(YOUR GOAL): Every line from the one containing "this 370×297 image." through the end of the listing below goes in the output, exactly and without pictures.

(INFORMATION SUPPLIED):
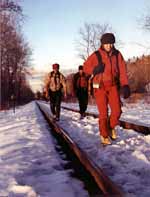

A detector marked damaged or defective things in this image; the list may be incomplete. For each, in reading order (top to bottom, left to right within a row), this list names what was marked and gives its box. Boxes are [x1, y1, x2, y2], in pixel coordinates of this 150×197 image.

rusty rail [36, 102, 123, 196]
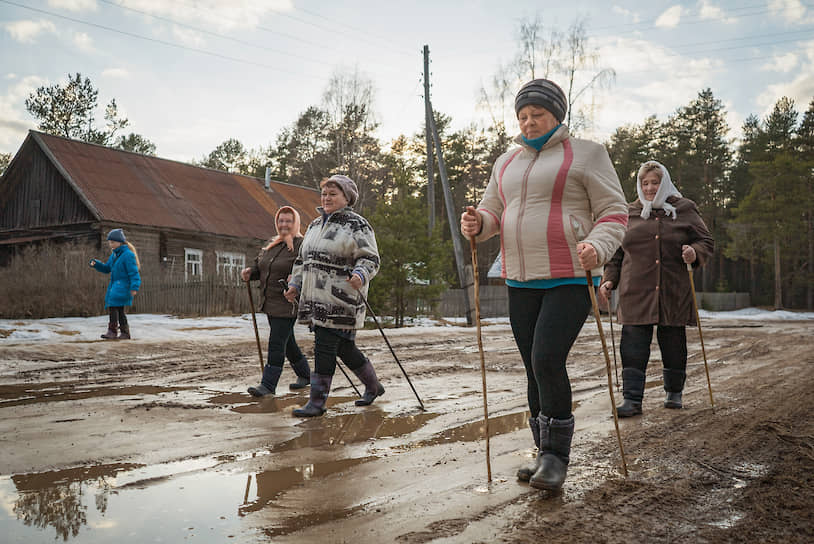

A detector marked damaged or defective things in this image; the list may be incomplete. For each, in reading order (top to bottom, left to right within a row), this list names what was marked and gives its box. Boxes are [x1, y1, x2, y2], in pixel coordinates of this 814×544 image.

rusty metal roof [31, 131, 326, 239]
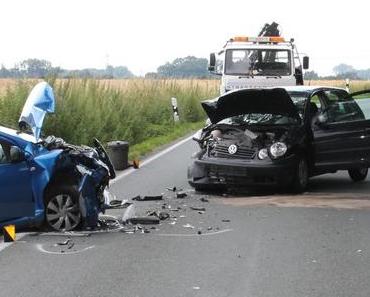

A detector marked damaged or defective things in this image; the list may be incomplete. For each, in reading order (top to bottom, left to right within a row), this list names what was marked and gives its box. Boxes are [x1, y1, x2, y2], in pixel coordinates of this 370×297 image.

shattered windshield [225, 48, 292, 75]
crumpled hood [18, 81, 55, 141]
crumpled hood [201, 87, 300, 123]
damaged blue car [0, 81, 115, 231]
damaged bumper [188, 154, 298, 186]
damaged black car [188, 85, 370, 192]
broken headlight [270, 142, 288, 158]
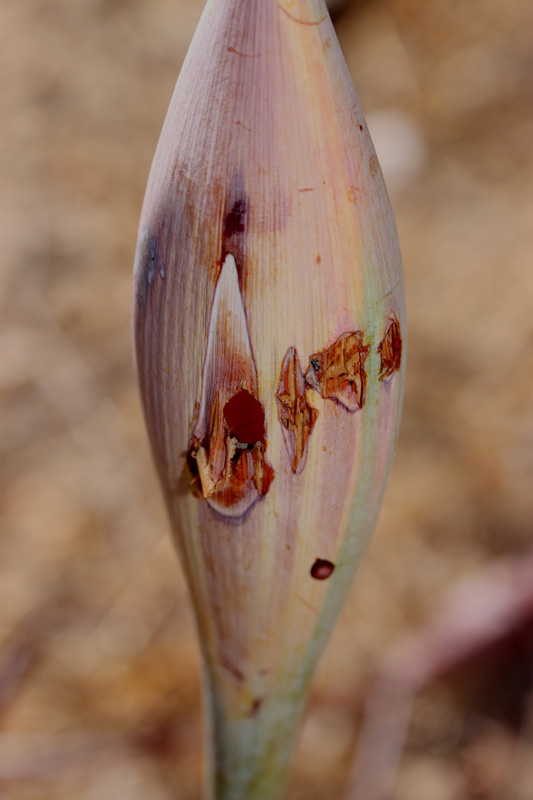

(OUTPUT OF THE EXERCISE):
A detector marked damaged or defective things in this image; the list may be incomplete. For each, in reading order (top to bottom, left to right within a row), this list names what was marked and gives its box. Boxes are [x1, y1, x2, y2], in pixel coordinates of this 370×297 image.

shattered windshield [225, 48, 292, 75]
crumpled hood [18, 81, 55, 141]
crumpled hood [201, 87, 300, 123]
damaged blue car [0, 81, 115, 231]
damaged bumper [188, 154, 298, 186]
damaged black car [188, 85, 370, 192]
broken headlight [270, 142, 288, 158]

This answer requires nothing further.